A dairy farmer wants to mix a 75% protein supplement and a standard 30% protein ration to make 1200 pounds of a high-grade 45% protein ration. How many pounds of each should he use?
Let x be the number of pounds of the 75% protein supplement.
Then, the number of pounds of the 30% protein ration would be 1200 - x.
We can set up the following equation:
0.75x + 0.3(1200 - x) = 0.45(1200)
Simplifying:
0.75x + 360 - 0.3x = 540
0.45x = 180
x = 400
Therefore, the dairy farmer should use 400 pounds of the 75% protein supplement and 800 pounds of the 30% protein ration to make 1200 pounds of a high-grade 45% protein ration.
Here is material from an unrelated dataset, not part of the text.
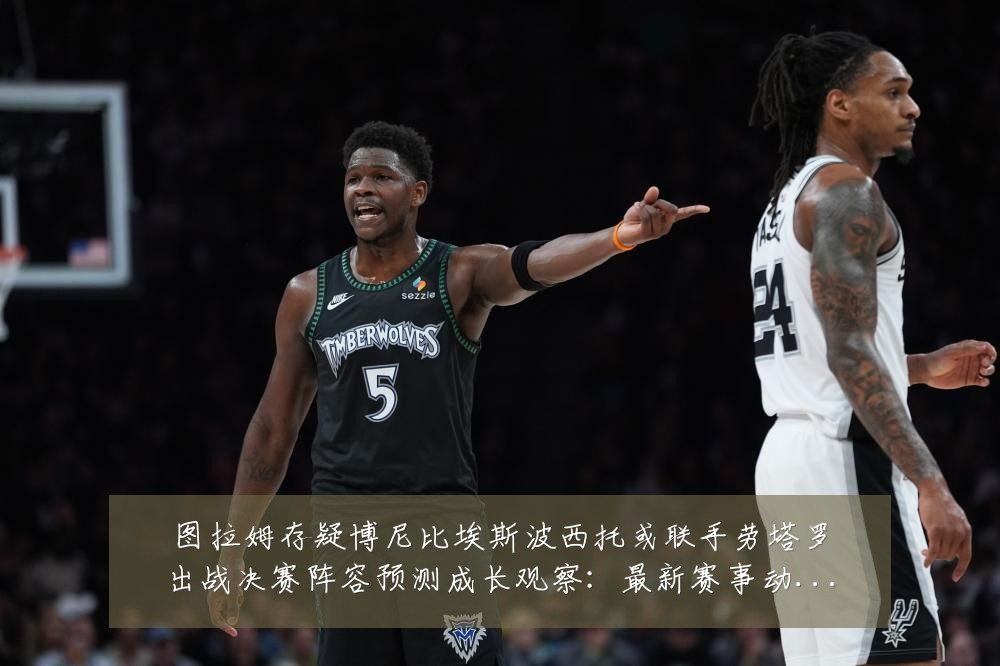图拉姆存疑博尼比埃斯波西托或联手劳塔罗出战决赛阵容预测成长观察:最新赛事动态与深度分析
To determine the number of pounds of each protein supplement the dairy farmer should use, we can set up a system of equations based on the given information.
Let's assume the dairy farmer uses x pounds of the 75% protein supplement and y pounds of the 30% protein ration.
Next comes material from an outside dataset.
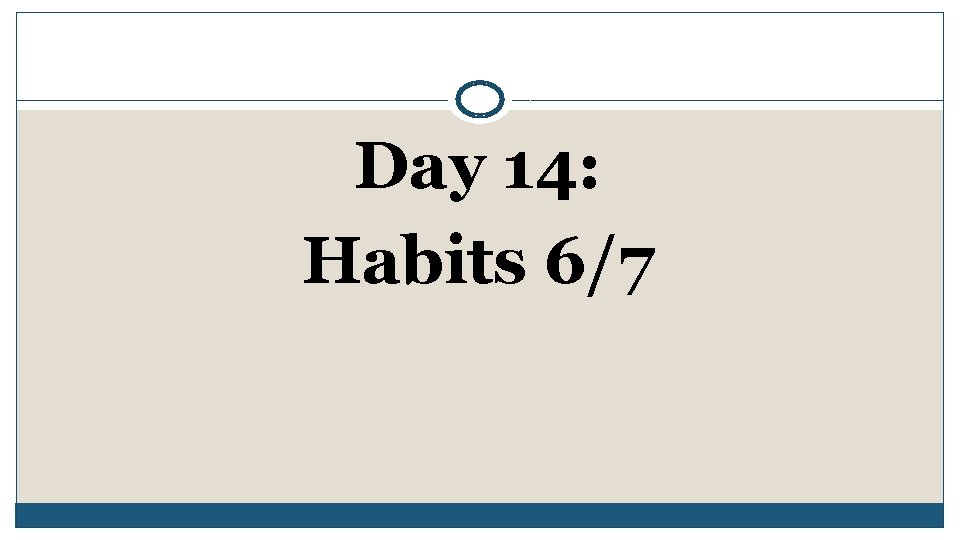 Day 14: Habits 6/7 Day 14: Habits 6/7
From the given information, we know the following:
1. The total weight of the mixture should be 1200 pounds:
x + y = 1200
2. The desired protein percentage in the mixture should be 45%:
(0.75x + 0.30y) / 1200 = 0.45
Now, we can solve this system of equations to find the values of x and y.
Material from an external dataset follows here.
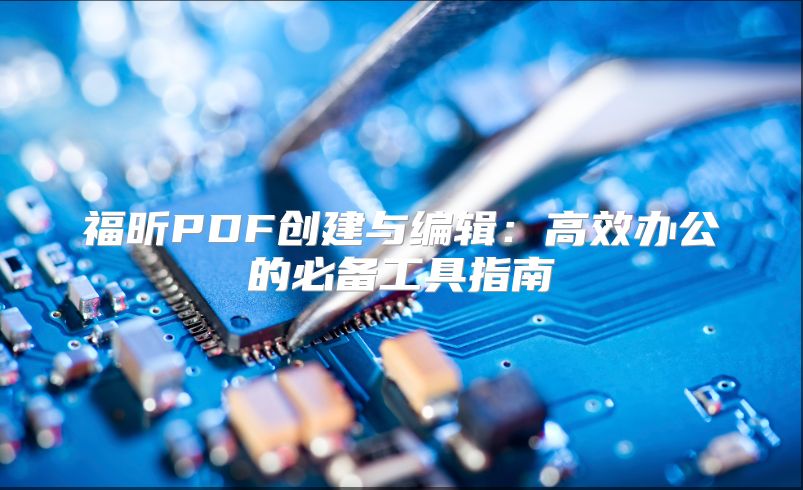 福昕PDF创建与编辑：高效办公的必备工具指南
Step 1: Solve the first equation for x:
x = 1200 - y
Step 2: Substitute the value of x in the second equation:
(0.75(1200 - y) + 0.30y) / 1200 = 0.45
Step 3: Simplify the equation:
900 - 0.75y + 0.30y = 0.45 * 1200
900 - 0.75y + 0.30y = 540
Step 4: Combine like terms:
900 - 0.45y = 540
Step 5: Move the constant term to the right side:
-0.45y = 540 - 900
-0.45y = -360
Step 6: Divide both sides by -0.45 to solve for y:
y = -360 / -0.45
y = 800
Step 7: Substitute the value of y into the first equation to solve for x:
x + 800 = 1200
x = 1200 - 800
x = 400
Therefore, the dairy farmer should use 400 pounds of the 75% protein supplement and 800 pounds of the 30% protein ration to make 1200 pounds of a high-grade 45% protein ration.